(Data records)

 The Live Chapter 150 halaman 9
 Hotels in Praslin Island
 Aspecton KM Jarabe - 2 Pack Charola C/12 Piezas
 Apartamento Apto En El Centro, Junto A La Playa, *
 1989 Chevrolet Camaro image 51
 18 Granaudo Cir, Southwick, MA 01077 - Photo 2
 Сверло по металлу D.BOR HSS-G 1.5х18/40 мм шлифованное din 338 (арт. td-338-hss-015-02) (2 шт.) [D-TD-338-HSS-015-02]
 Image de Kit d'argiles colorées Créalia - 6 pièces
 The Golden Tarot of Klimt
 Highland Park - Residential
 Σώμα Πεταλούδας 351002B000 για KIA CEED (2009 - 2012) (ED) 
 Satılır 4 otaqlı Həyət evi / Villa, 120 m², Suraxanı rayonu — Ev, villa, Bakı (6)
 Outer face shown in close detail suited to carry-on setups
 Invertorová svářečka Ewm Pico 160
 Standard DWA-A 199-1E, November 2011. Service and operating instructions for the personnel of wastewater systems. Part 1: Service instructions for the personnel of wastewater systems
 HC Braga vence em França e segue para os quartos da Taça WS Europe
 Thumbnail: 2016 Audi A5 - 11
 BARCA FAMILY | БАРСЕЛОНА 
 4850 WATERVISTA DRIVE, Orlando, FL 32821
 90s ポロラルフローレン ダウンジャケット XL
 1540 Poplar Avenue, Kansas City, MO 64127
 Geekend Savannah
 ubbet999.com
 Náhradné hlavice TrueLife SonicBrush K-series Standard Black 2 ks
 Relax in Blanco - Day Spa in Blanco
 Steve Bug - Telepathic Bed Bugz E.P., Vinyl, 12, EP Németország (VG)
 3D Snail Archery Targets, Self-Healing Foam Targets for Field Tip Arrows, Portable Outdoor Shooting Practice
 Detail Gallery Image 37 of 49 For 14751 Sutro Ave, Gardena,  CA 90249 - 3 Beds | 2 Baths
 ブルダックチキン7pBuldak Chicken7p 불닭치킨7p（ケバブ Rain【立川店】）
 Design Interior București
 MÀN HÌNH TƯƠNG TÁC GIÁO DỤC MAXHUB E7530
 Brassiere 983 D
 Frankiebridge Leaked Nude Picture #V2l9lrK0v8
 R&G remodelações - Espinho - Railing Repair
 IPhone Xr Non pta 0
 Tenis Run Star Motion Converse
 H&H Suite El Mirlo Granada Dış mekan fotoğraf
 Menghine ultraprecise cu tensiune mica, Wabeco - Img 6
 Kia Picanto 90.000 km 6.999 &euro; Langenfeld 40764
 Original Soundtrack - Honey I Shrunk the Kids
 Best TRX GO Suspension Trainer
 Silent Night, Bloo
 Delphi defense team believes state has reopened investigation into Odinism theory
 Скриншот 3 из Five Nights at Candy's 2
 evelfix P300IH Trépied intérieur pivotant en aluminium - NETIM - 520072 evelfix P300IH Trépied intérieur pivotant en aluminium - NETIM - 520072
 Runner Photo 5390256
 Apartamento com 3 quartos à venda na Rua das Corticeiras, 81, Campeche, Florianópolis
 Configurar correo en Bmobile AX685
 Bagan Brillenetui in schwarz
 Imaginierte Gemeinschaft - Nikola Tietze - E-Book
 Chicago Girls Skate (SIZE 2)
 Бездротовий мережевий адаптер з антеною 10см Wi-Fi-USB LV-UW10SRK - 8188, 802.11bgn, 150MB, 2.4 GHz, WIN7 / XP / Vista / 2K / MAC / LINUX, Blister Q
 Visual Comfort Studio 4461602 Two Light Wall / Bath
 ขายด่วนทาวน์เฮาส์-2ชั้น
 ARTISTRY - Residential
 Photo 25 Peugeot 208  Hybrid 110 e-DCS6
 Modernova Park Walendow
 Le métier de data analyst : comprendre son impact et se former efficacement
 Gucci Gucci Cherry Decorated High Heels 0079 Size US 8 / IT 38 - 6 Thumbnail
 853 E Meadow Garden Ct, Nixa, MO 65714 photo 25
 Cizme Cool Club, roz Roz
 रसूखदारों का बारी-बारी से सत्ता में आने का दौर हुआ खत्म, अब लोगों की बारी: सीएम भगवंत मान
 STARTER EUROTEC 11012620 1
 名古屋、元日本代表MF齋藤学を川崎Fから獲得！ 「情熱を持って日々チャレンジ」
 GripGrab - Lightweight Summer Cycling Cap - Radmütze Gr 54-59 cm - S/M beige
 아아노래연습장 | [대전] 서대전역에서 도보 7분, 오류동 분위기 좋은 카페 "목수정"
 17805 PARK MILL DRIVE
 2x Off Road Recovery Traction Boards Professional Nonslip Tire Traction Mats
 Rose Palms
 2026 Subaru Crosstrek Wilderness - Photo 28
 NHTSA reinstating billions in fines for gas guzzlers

(End Data records)

■ Problem requirements
Using the entries above, output exactly the lines between the line holding "Gucci Gucci Cherry" and the line holding "रसूखदारों का बारी-बारी", end lines included, and nothing more.

■ Worked solution
 Gucci Gucci Cherry Decorated High Heels 0079 Size US 8 / IT 38 - 6 Thumbnail
 853 E Meadow Garden Ct, Nixa, MO 65714 photo 25
 Cizme Cool Club, roz Roz
 रसूखदारों का बारी-बारी से सत्ता में आने का दौर हुआ खत्म, अब लोगों की बारी: सीएम भगवंत मान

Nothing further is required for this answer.